Por último, a greve dos policiais na Bahia. Com a paralisação de parte da corporação, movida por motivos justos e legítimos, frise-se, eclodiu na capital baiana e nas cidades do interior uma série de eventos desestabilizadores da ordem pública; aumento abrupto do número de homicídios, sequestros de ônibus, saques, depredações, ataques à tiro. Quer seja pela ação direta de alguns PM’s, quer seja indiretamente pela omissão, intransigência ou má fé, o fato é que parte dos amotinados policiais baianos valeram-se de tais circunstâncias como instrumentos de pressão e promoção do terror e medo generalizado como estratégia pra atingir os seus objetivos de paralisação. No que pese toda a importante discussão sobre a legitimidade ou não da greve e a necessidade da desmilitarização da polícia, esse episódio em questão revela como vigora e atua no interior da corporação, grupos de PM’s dispostos a lançar mão de práticas ilegais.
É essa disposição de se julgar o árbitro soberano que decide ora pela lei, ora pela exceção, que faz com que o recurso a práticas ilegais como a ação de grupo de extermínios, prisões arbitrárias, tortura, extorsão ou assassinatos extrajudiciais sejam vistos, por grupos de policiais e ex-policiais, em serviço ou não, como atos aos quais se podem recorrer e perpetrar ocasionalmente, não importando o objetivo oficial.
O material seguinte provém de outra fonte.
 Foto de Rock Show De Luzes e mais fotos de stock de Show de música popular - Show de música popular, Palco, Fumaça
Todos esses últimos episódios, envolvendo a Polícia Militar, não são bem casos isolados, mas também não nos permitem, levianamente, deduzir que se trata de uma orientação clara e consciente da instituição. Manifesta, antes, traços de um padrão de conduta, de uma regularidade que está, em razão de fatores históricos e sociológicos variados, enraizados na polícia e nas forças de segurança e repressão no Brasil. O racismo, o ethos da repressão física e a ideia de “permissão” às práticas ilegais, a criminalização e perseguição dos pobres, presentes na atuação policial cotidiana no Brasil são produtos de um conjunto de fatores: desde a herança escravocrata e oligárquica, a socialização autoritária e policialesca dos policiais gerada pela militarização da polícia à falta de reconhecimento social dos PM’s (baixos salários, trabalho em condições arriscadas e estressantes) que acaba por os incutir um forte sentimento de ressentimento e revolta que são descarregadas na própria sociedade. É neste ponto de descarga, que os consensos morais institucionalizados sobre a desigualdade do valor das pessoas e classes de pessoas atuam, tornando essa descarga socialmente seletiva, descontada em cima dos mais pobres e minorias.
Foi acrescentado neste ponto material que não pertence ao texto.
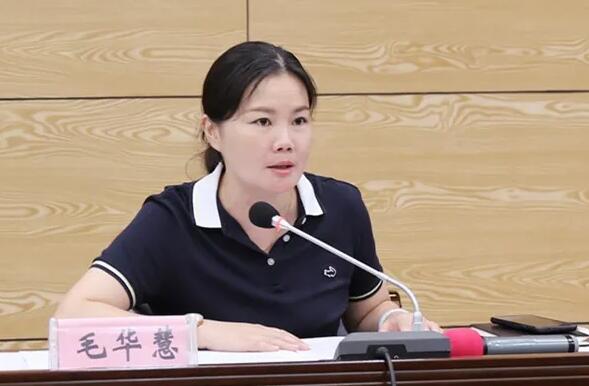 毛華慧簡歷：河池市環(huán)江縣委副書記、縣長毛華慧，曾任河池市投資促進(jìn)局局長、團(tuán)委書記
Se há uma lição que podemos retirar desses eventos aqui analisados, é que ao revelarem traços extremamente problemáticos de um padrão de resposta mobilizado pela polícia contra conflitos e problemas sociais e políticos, eles expõem como apesar de todos os investimentos e atenção para formação de novas modalidades de policiamento e dum ethos policial distinto (comunitário, cidadão, de proximidade), ou seja, uma polícia mais próxima e capaz de dialogar, seus efeitos ainda estão longe do desejável.
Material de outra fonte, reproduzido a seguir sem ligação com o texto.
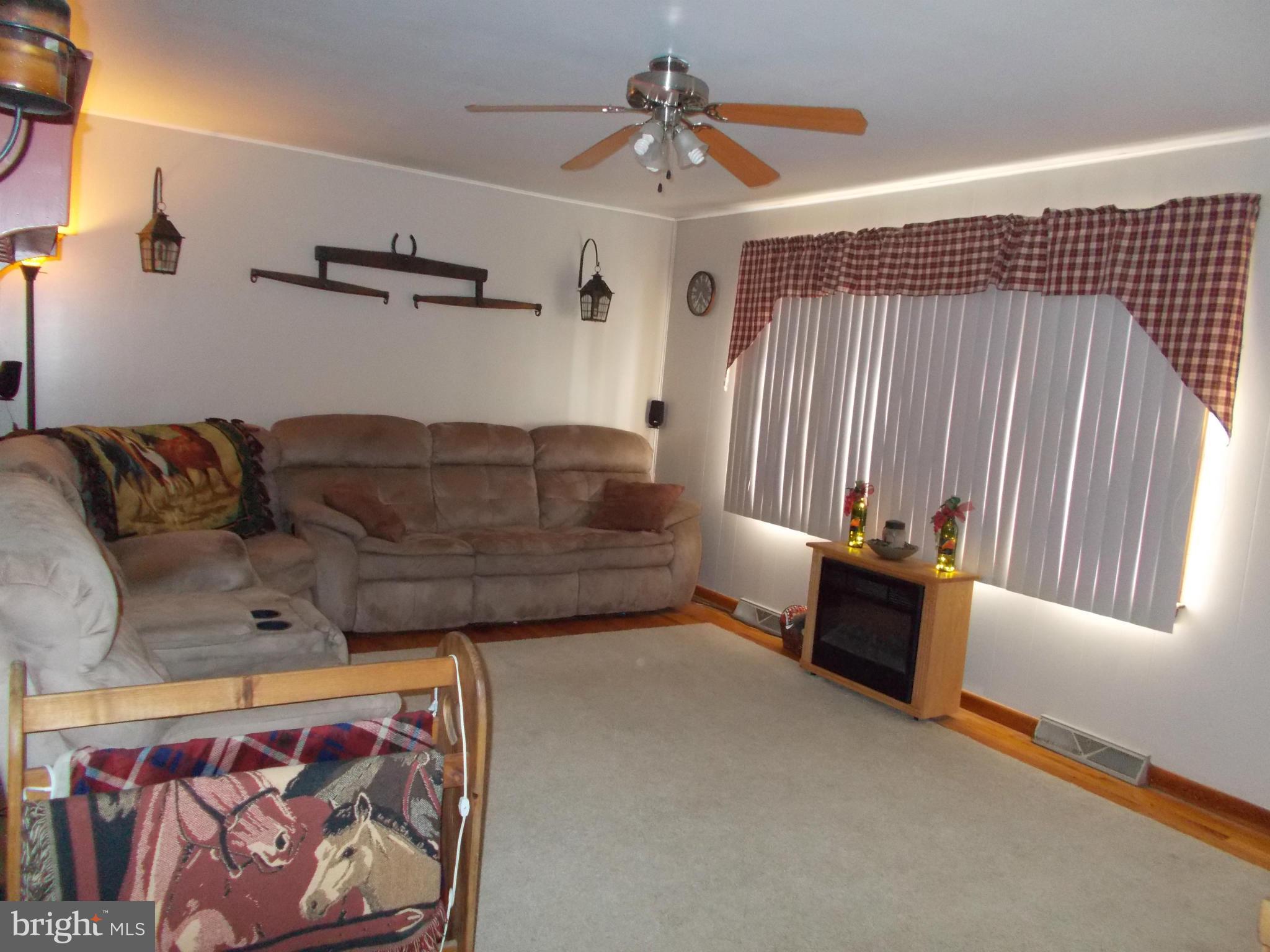 13159 Edgemont Road Smithsburg, MD 21783 - Photo 4 of 30 Living Room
De fato, os abusos e o padrão de comportamento observados nesses episódios evidenciam o quanto os aspectos coercitivos, militar e autoritário ainda pesam e operam na polícia. Nesse sentido, a persistência e recorrência desse padrão violento, socialmente estigmatizante e gerenciador de ilegalismos tornam premente a necessidade de repensar o papel da PM e rever sua forma de organização (militaresca) à luz de sua compatibilidade com uma sociedade que se imagina e se deseja mais democrática.